## What you have to do:
For each line in the records, produce an exact copy.

## Stored data:
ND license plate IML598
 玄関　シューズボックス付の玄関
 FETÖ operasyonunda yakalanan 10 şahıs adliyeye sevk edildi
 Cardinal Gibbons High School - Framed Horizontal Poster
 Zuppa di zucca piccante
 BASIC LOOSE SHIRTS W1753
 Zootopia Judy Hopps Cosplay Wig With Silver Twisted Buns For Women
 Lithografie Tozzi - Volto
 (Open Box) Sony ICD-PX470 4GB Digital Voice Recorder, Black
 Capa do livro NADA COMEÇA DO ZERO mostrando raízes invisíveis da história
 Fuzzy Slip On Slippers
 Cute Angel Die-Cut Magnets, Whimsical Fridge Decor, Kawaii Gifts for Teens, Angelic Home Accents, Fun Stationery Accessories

## Task solution:
ND license plate IML598
 玄関　シューズボックス付の玄関
 FETÖ operasyonunda yakalanan 10 şahıs adliyeye sevk edildi
 Cardinal Gibbons High School - Framed Horizontal Poster
 Zuppa di zucca piccante
 BASIC LOOSE SHIRTS W1753
 Zootopia Judy Hopps Cosplay Wig With Silver Twisted Buns For Women
 Lithografie Tozzi - Volto
 (Open Box) Sony ICD-PX470 4GB Digital Voice Recorder, Black
 Capa do livro NADA COMEÇA DO ZERO mostrando raízes invisíveis da história
 Fuzzy Slip On Slippers
 Cute Angel Die-Cut Magnets, Whimsical Fridge Decor, Kawaii Gifts for Teens, Angelic Home Accents, Fun Stationery Accessories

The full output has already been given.